Riding a Greyhound is not a fairy tale. It is dog eat dog aboard the Big Grey Dog. We all poked fun at our Fairy Princess Couple. I hope they were not too disillusioned at the harshness of the world.

The last remarkable character to talk about is the woman who got thrown off the bus, sometime during the wee hours of the morning. In all of my travels, all of the drivers have said that being overly loud on the bus will earn that passenger guilty of noise a spot on the highway and a chauffered ride back into town, courtesy of the local branch of Highway Patrol. I had yet to see it happen. And I didn’t really see this happen either, due to extreme sleepiness. Was she being overly garrulous or over querulous? Only the driver knows, being as he was the one bothered enough by her loquaciousness to take on the shocking act of putting her off the bus alongside the highway. There might have even been a small child traveling with her. As I said: details are sketchy because I was so very sleepy. I know it was night, I know the driver put a woman off the bus, I know she screeched in indignation and I think there was a small child involved. I went back to sleep, secure in the knowledge that no one could accuse me of being too loud. Unless snoring counts.

Besides, I don’t even know if I snore. I’m asleep while doing it, if I am in fact guilty of doing so.

One more person to talk about, but he was not aboard a bus. I met him at the terminal in Washington D.C., where again I had a layover. He stood about 6’2”, had sandy blond hair cut military style and was dressed in a striped tee shirt and jeans. He followed me outside and asked if I might have a cigarette, and then he told me his tale.

He was in Afghanistan when he got word that his mother had died a month ago. It took the Army and the Red Cross two weeks to release him of his combat obligations and return him stateside, to his port of entry – the military base he had shipped out from. After two weeks of out-processing, turning in all of his military gear, he was back on the streets and trying to get home via Greyhound. He had virtually no money to his name and unexpressed grief in his heart.
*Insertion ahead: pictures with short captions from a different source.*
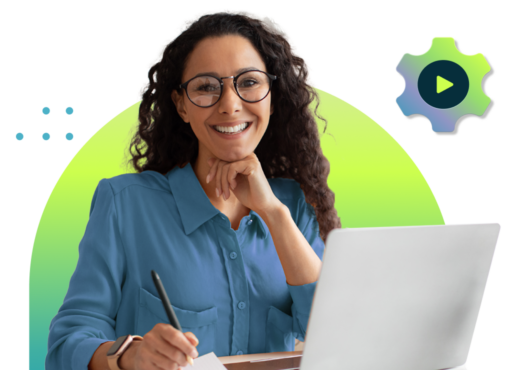 woman with glasses on computer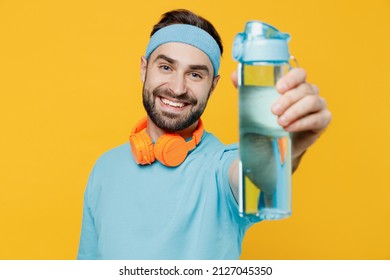 Young Fun Fitness Trainer Instructor Sporty Man Sportsman In Headband Blue T-shirt Spend Weekend In Home Gym Give Bottle Of Water Isolated On Plain Yellow Background. Workout Sport Motivation Concept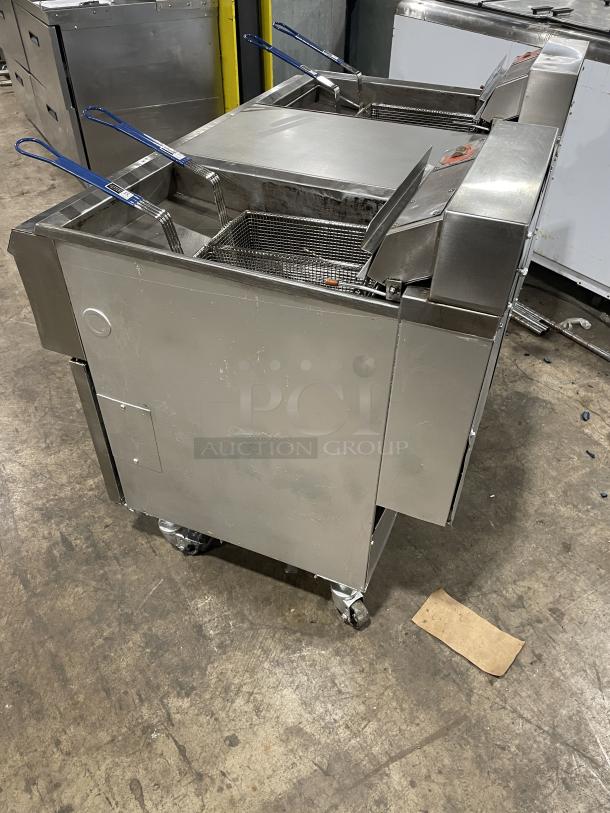 Pitco Frialator Series 2-bay deep fat fryer system with center enclosed pan, back splash, basket hanger, and casters.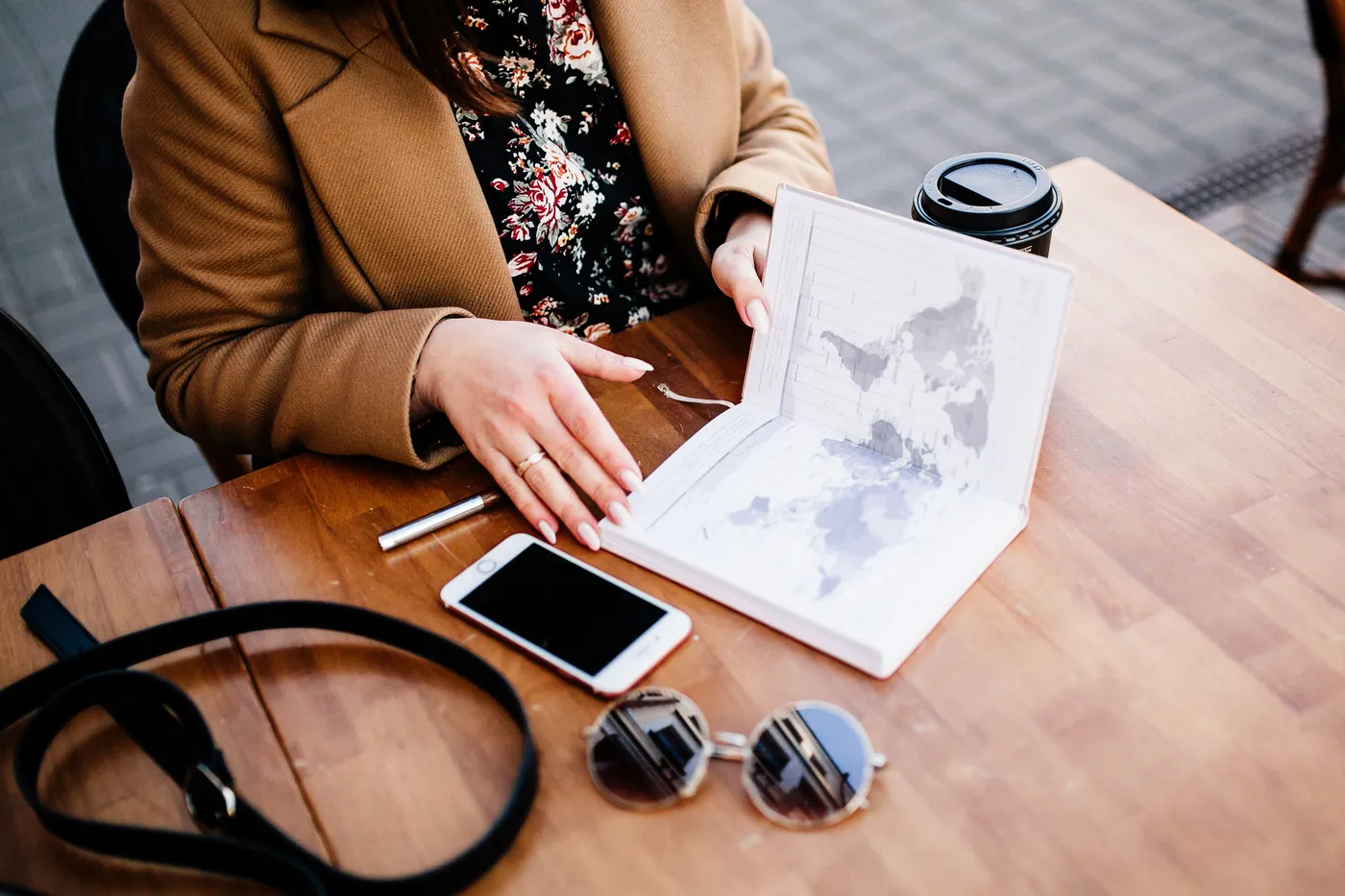 Planning a trip at a cafe table with an open world-map notebook and coffee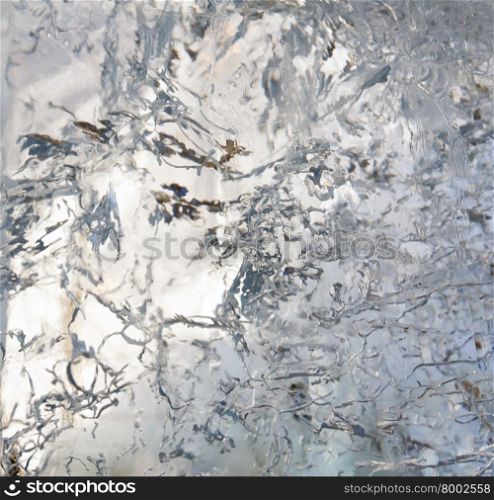 Glacial transparent block of ice with interesting drawings and patterns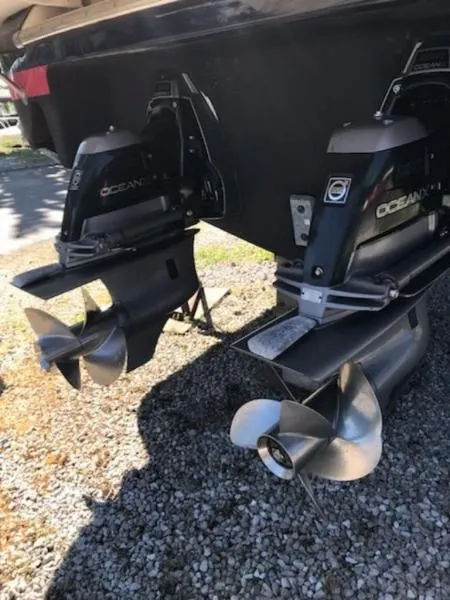 Slide: The Image of 2006 Chris-Craft 36 Corsair Heritage boat propellers on gravel surface. - 42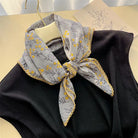 Gray floral scarf with yellow details tied around a black garment on a light background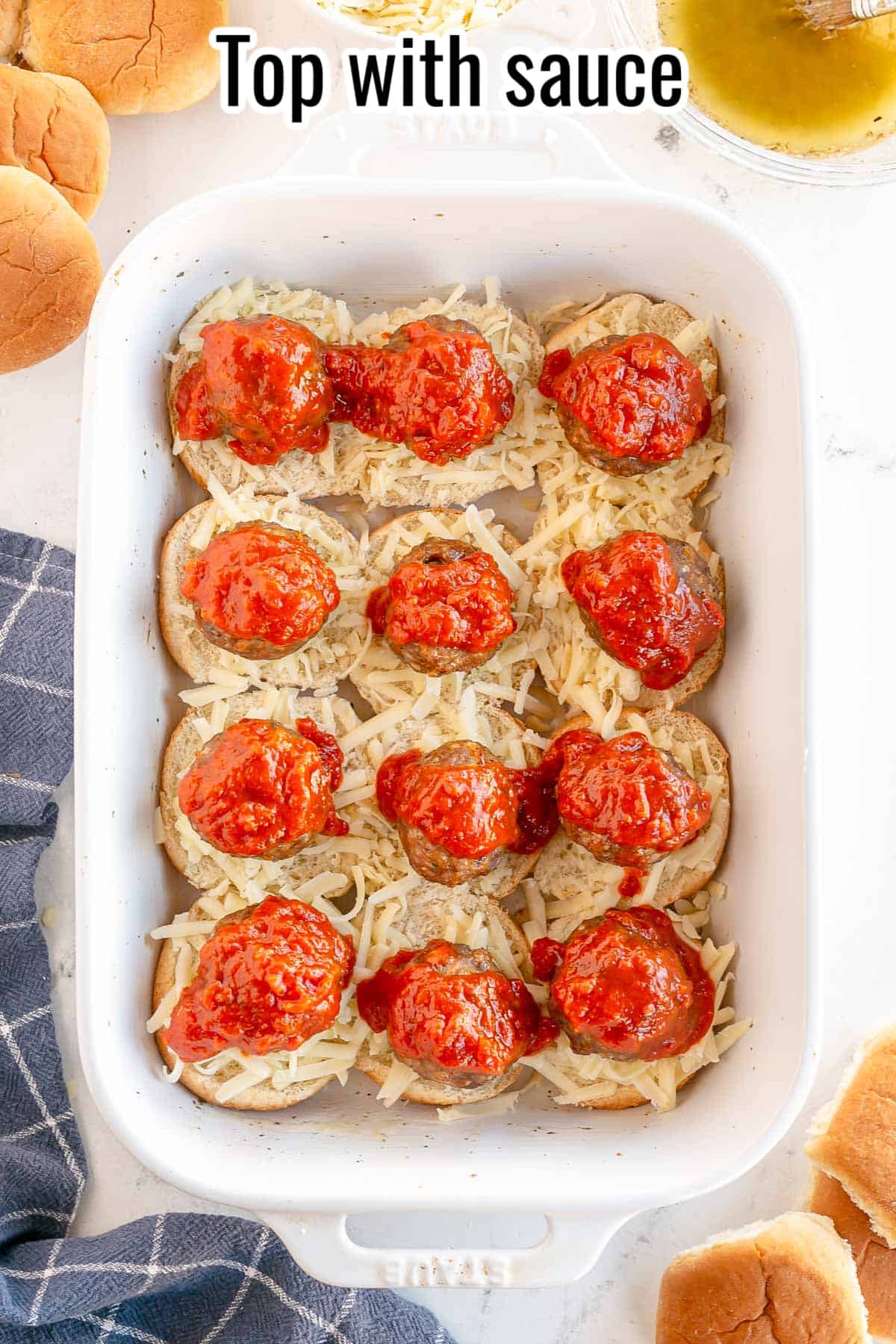 a white baking dish with slider bun bottoms, cheese meatballs and sauce.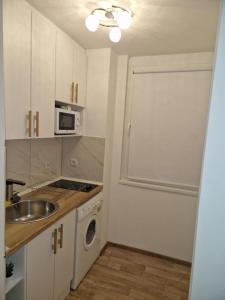 a small kitchen with a sink and a microwave at Extra studio apartment Sarajevo in Sarajevo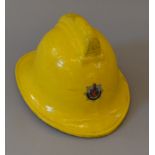 A fiberglass fireman's helmet- Greater Manchester County Fire Service. Stamped 1988 to interior.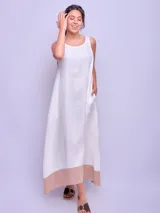 Vestido largo sin mangas color beige con ruedo verde, de corte amplio y estilo casual.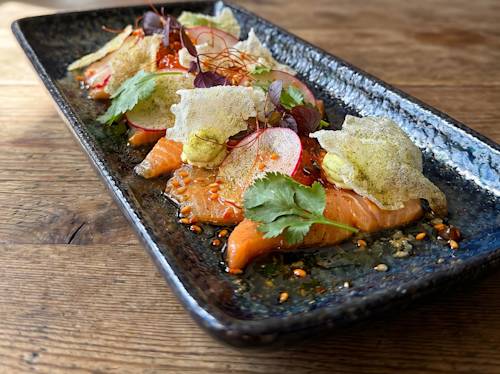 A rectangular black plate with thinly sliced sashimi, topped with radish, herbs, crisp garnishes, and a drizzle of sauce on a brown textured surface.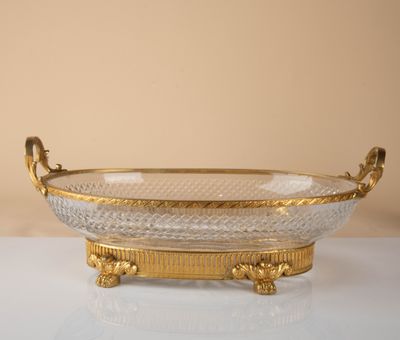 an image of a gold and crystal bowl sitting on a table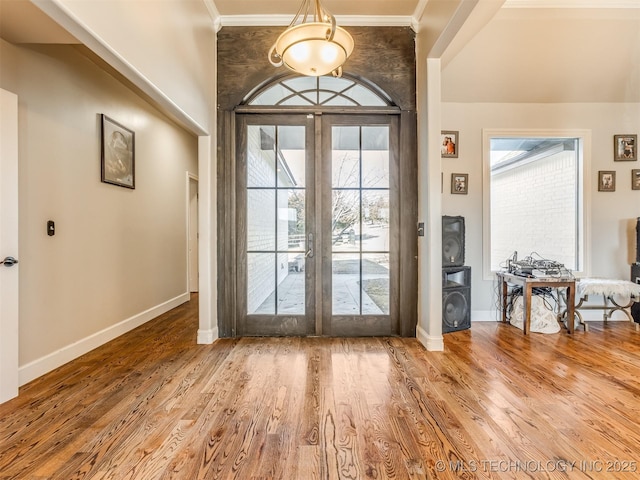 doorway featuring crown molding, hardwood / wood-style floors, and french doors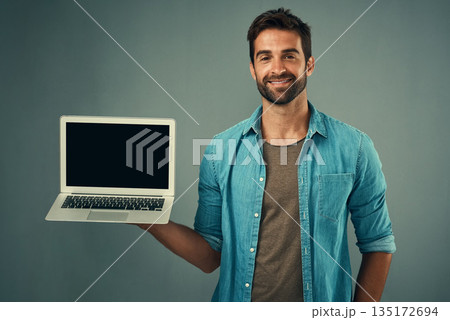 Happy man, laptop and mockup screen for advertising or marketing against a grey studio background. Portrait of male person with smile showing computer display or mock up space for advertisement 135172694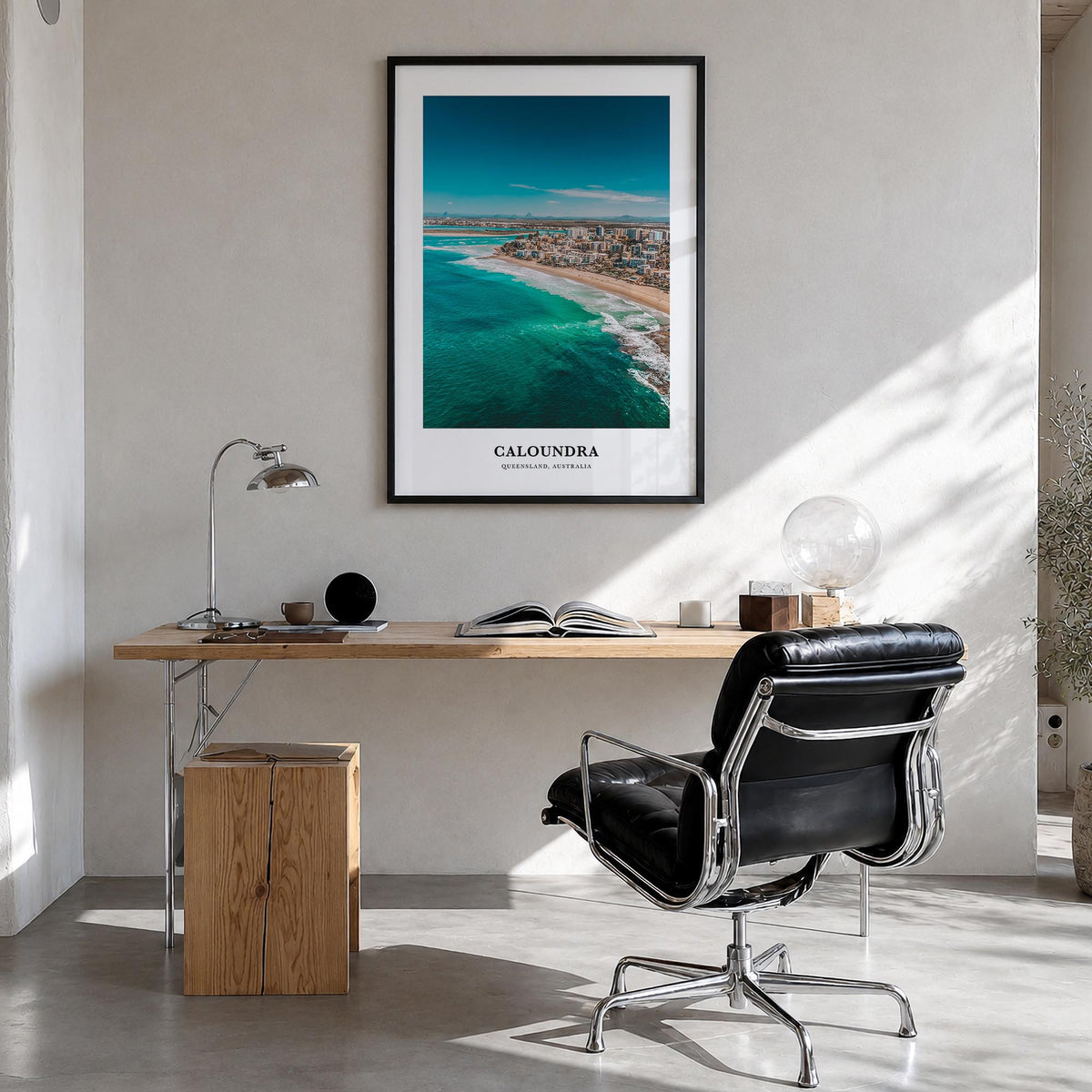 Caloundra colorful classic poster of Australia – vertical wall art in black wood frame, hanging on wall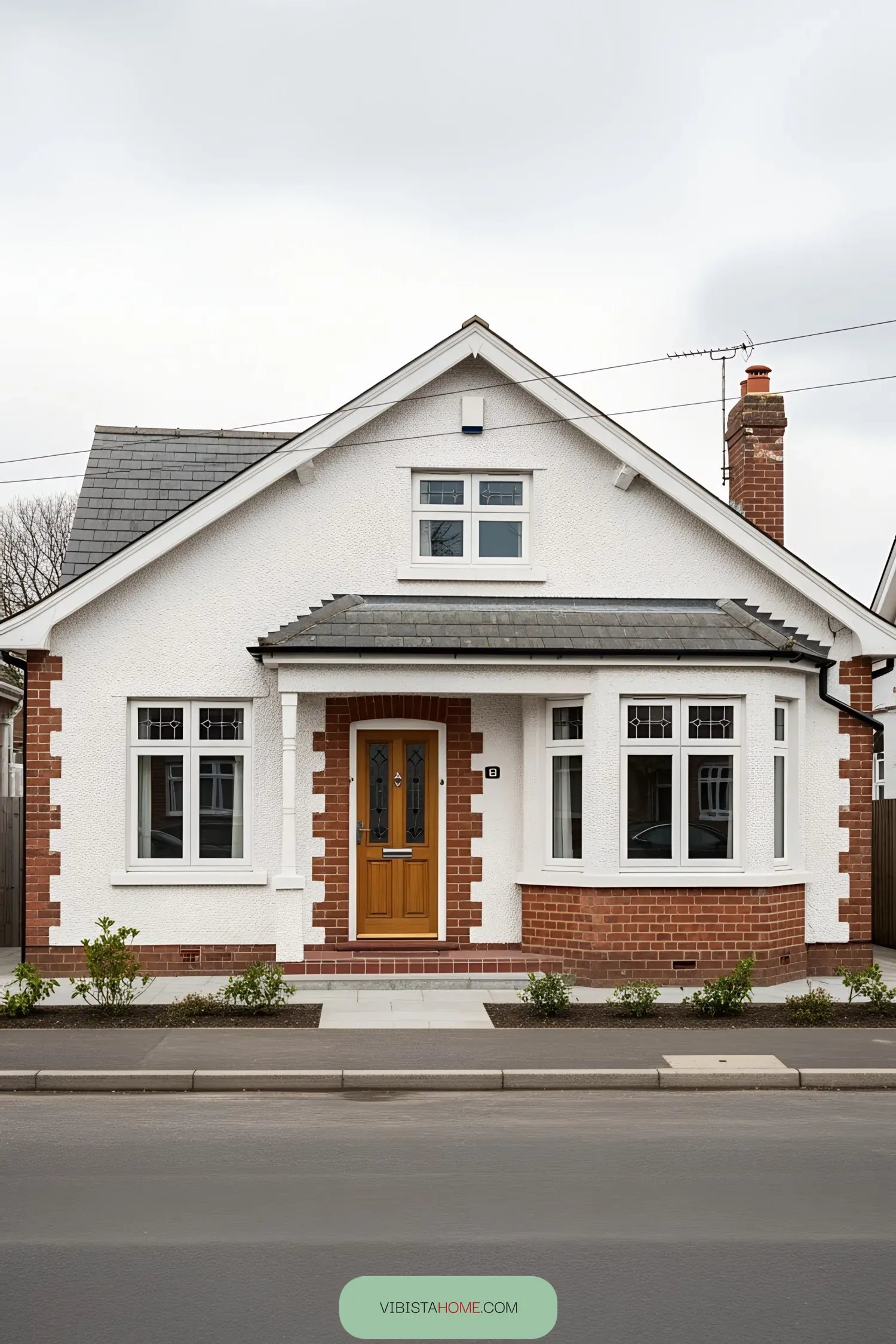 A Red Brick and White Stucco Bungalow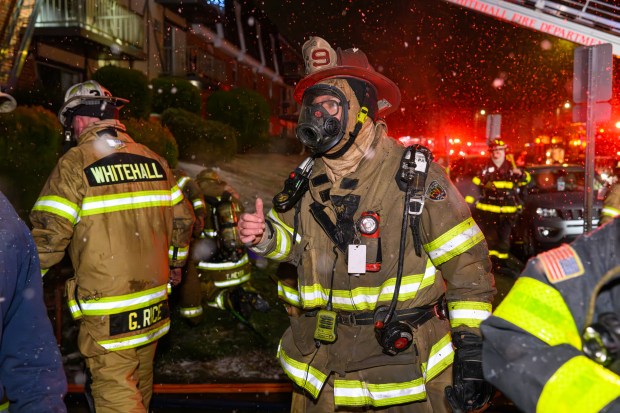 Firefighters respond to a fire Saturday evening Dec. 13, 2025, at the Fairmont Place Apartments on Maryland Circle in Whitehall Township. (Scott M. Nagy/Special to The Morning Call)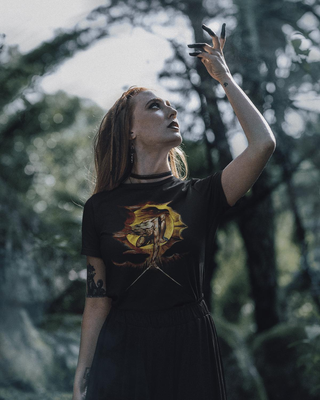 Woman wearing a black The Ancient Of Days T-Shirt, standing in a forest.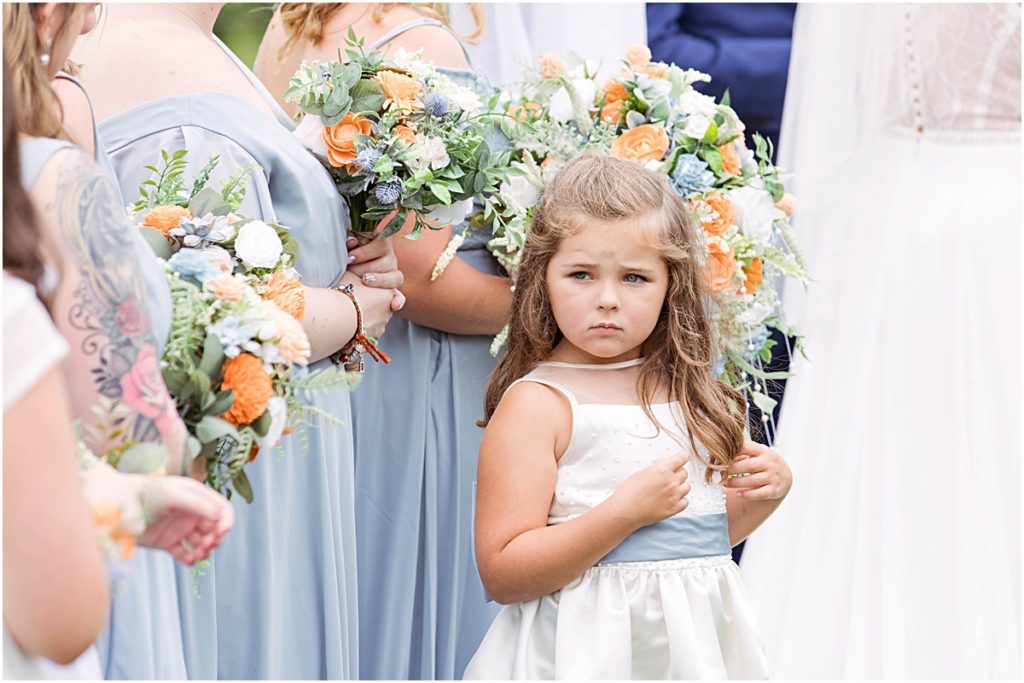 A detail photo of the flower girl looking off in the distance as she stands in front of the bridesmaids during a wedding ceremony.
I had bought a carton of cigarettes to give away as gifts to my Chinese friends. As he told me his tale, omitting the obvious – that he would still have post traumatic stress syndrome to deal with, along with getting reacclimated back into American society, all while dealing with the loss of his mother, I thought that one of my Chinese friends is going to have to live without receiving a pack of American cigarettes. He talked on while I unzipped my duffel bag, dug around and gave him a pack. He broke down and cried. It seems my simple act of kindness touched him, reducing him to tears.

I leave you with that image. And with the thought that there are all kinds of people in America. We don’t know their story, their deeds, their pain, or their joy. All across the nation, people brush by each other daily and sometimes we see, sometimes we listen and sometimes we even make a connection.

Each of these travelers made an impression on me. Others, whose faces I recall but whose names go unknown, continue to live their lives and be remarkable in their way. At least I hope they do. They helped make this road trip a memorable experience for me.